◆ EXERCISE BRIEF
Print all of the data exactly, but drop the pictures.

◆ AVAILABLE DATA
Start of Block
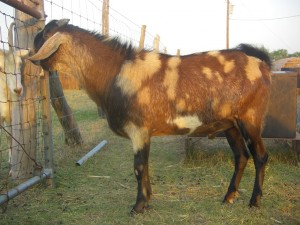 Galloping Winds OT8 Jack Flash, American Nubian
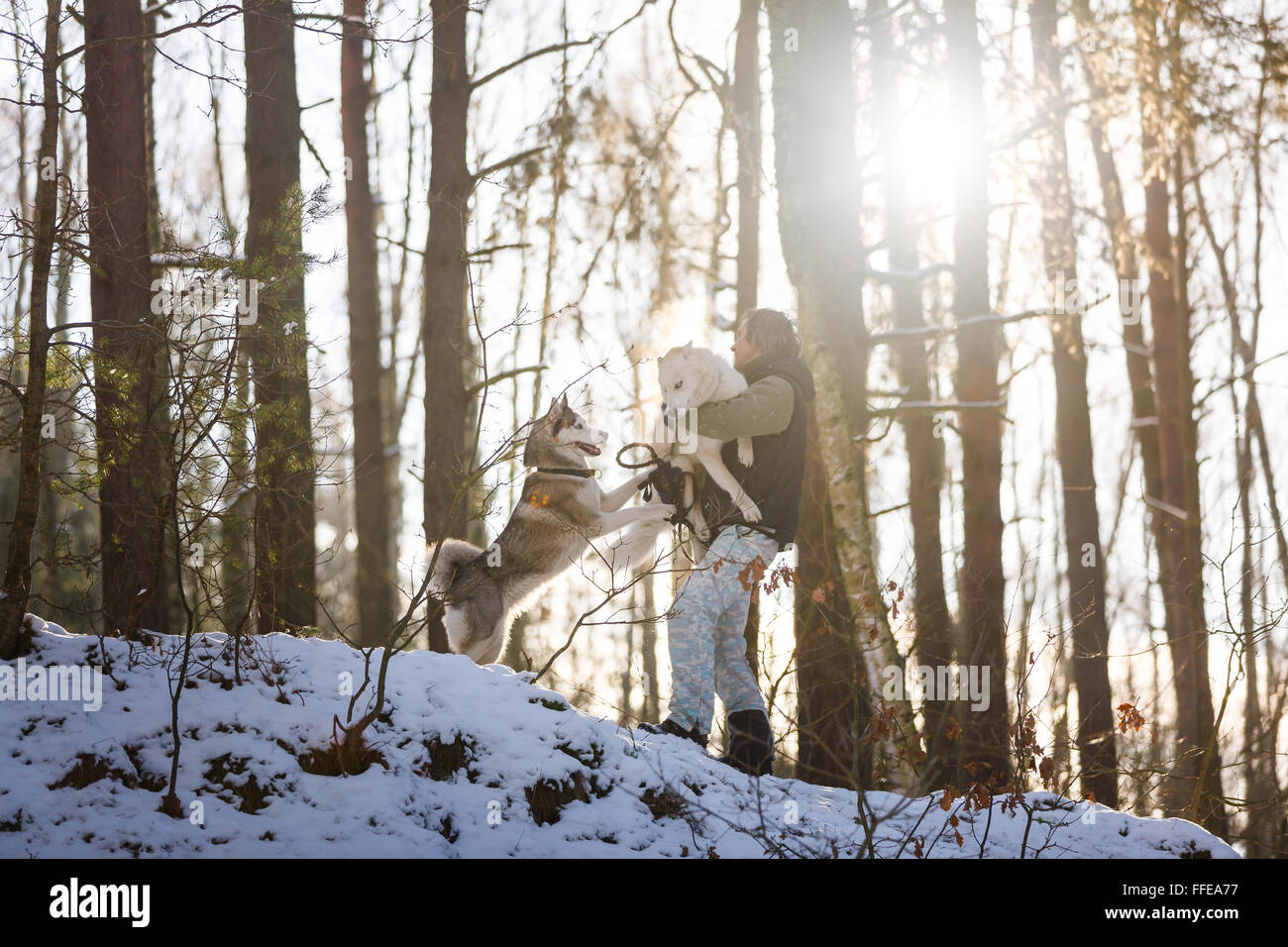 Man walking with husky dogs in winter forest Stock Photo - Alamy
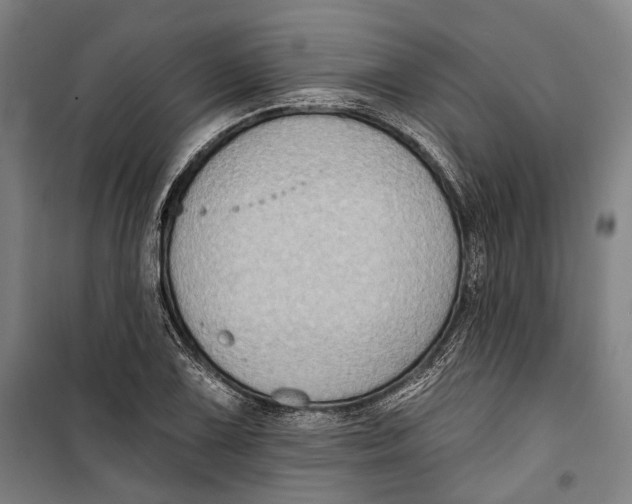 X0000099541075200806061449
End of Block
◆ SOLUTION
 Galloping Winds OT8 Jack Flash, American Nubian
 Man walking with husky dogs in winter forest Stock Photo - Alamy
 X0000099541075200806061449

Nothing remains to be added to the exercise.